Hall encourages prospective parents to scout their next career move with this lifestyle shift in mind. “Just as you’d interview the company for culture, growth prospects, and financial viability, also ask them about their maternity benefits and the ‘new mom culture’,” says Hall, who now has two children. “Don’t just take it from the recruiter; ask to speak with other moms who have recently come back into the workforce to get their firsthand perspective.”

It takes a lot of mental stamina 

As the founder and president of her own public relations agency, Jeneration PR, Jen Berson was able to work from home after she gave birth to her two sons in 2010 and 2012. While this allowed for more flexibility, it also meant she was back on email within a few days post-birth. She appreciated the freedom that came with pumping, allowing her to travel for meetings, see her friends, and allow her partner to bond with the baby, but said she was surprised with how much mental space thoughts about milk supply took up. 

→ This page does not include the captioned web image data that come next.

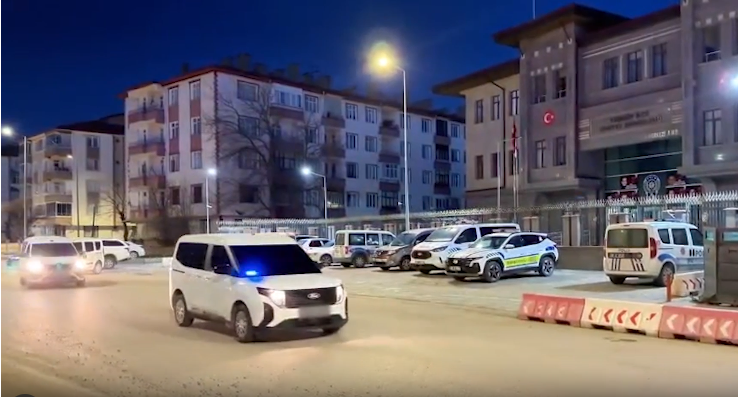 “71 İlde Uyuşturucu Madde Satıcılarına Yönelik Düzenlenen Operasyonlarda 1 Ton 231 Kilo Uyuşturucu Madde Ele Geçirildi”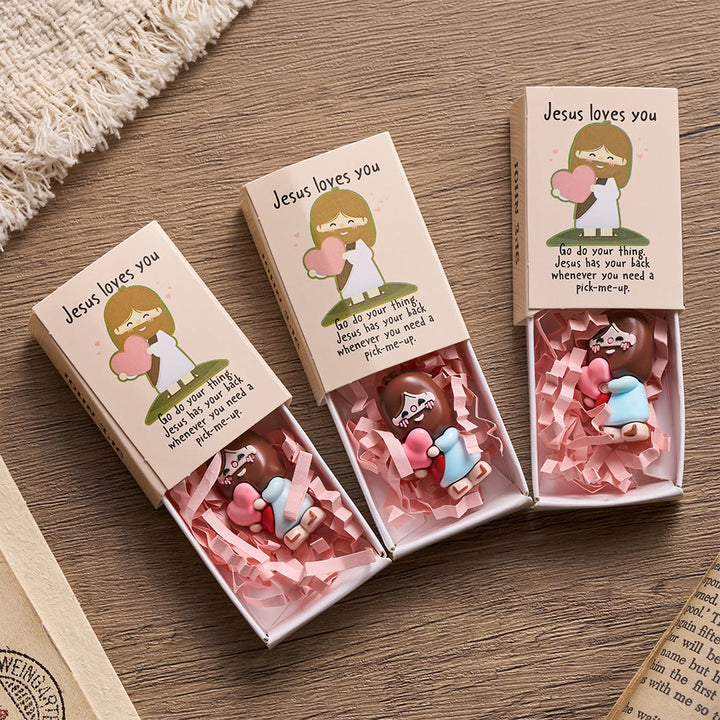 Christianartworkshop Mini-Jesus-Figur mit Om-Herz, 3er-Pack, Bibelvers „Jesus liebt dich“, Andachtskarte, Geschenkset: Ein Symbol göttlicher Freude und des Glaubens - image 1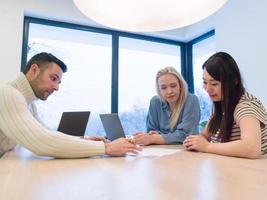 Startup-Business-Team bei einem Treffen in einem modernen Bürogebäude foto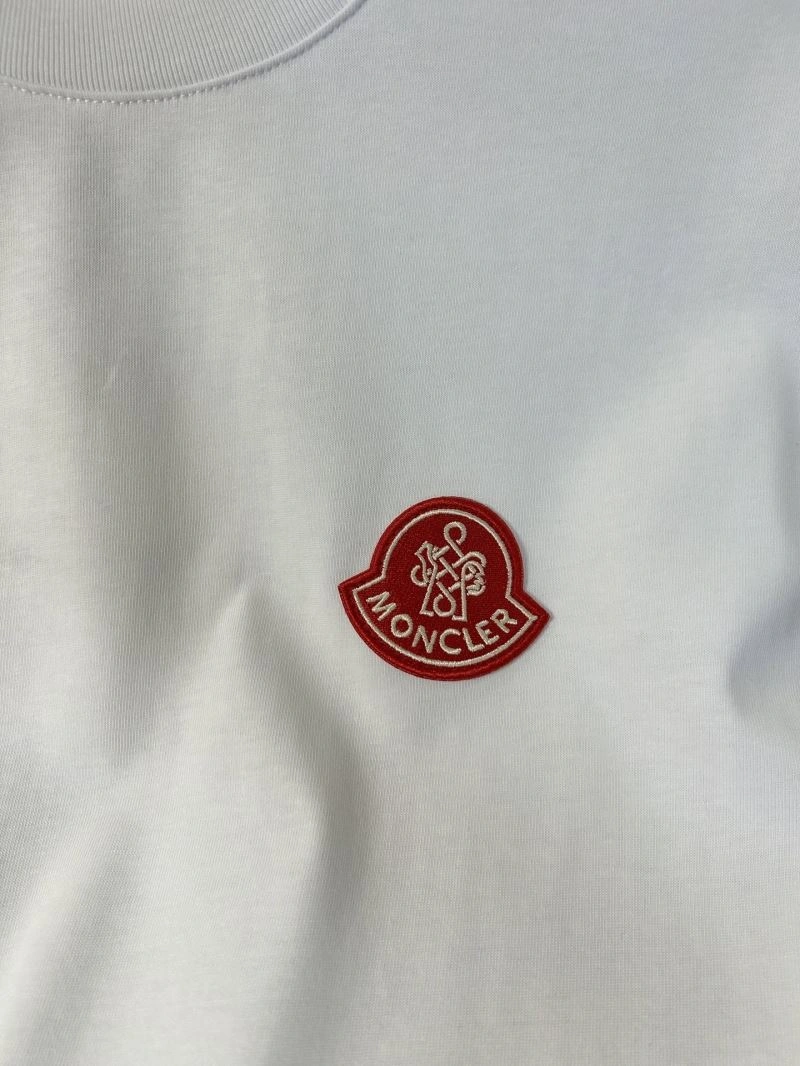 Supportive Moncler T-Shirts 142786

“As a working mother, breastfeeding actually takes a lot of preparation, planning, and strategy,” says Berson. “You’re always thinking about the time in between feedings and how long you have before the baby needs to eat again, how many ounces they need each feeding, and what your actual yield is. . . . You have to plan to have your pump with you and have to scope out a place to pump, then clean the components and store the milk before you can bring it home. It was something that took a lot of mental bandwidth to execute.”

It’s okay if baby needs to tag along

When Jacqueline Grady Smith became a mom in fall of 2018, she was building her startup, not just co, while also working full-time. She took her three month maternity leave to get her business up and running and quickly decided to quit the other gig to focus on her two babies: her daughter and the company. This was due to plenty of factors, but the convenience of having a private space, taking her daughter along for meetings, and other perks were part of her decision—especially since her former job only offered a coworker’s office as a place to pump. 

As an entrepreneur and a working mom, she says she quickly realized how easy it was to bring her daughter along to meetings. “People were surprisingly accommodating. I was up front at the beginning of each meeting that I would step out and let my cofounder continue if she got disruptive, but thankfully, I timed things well, so she slept,” she says. 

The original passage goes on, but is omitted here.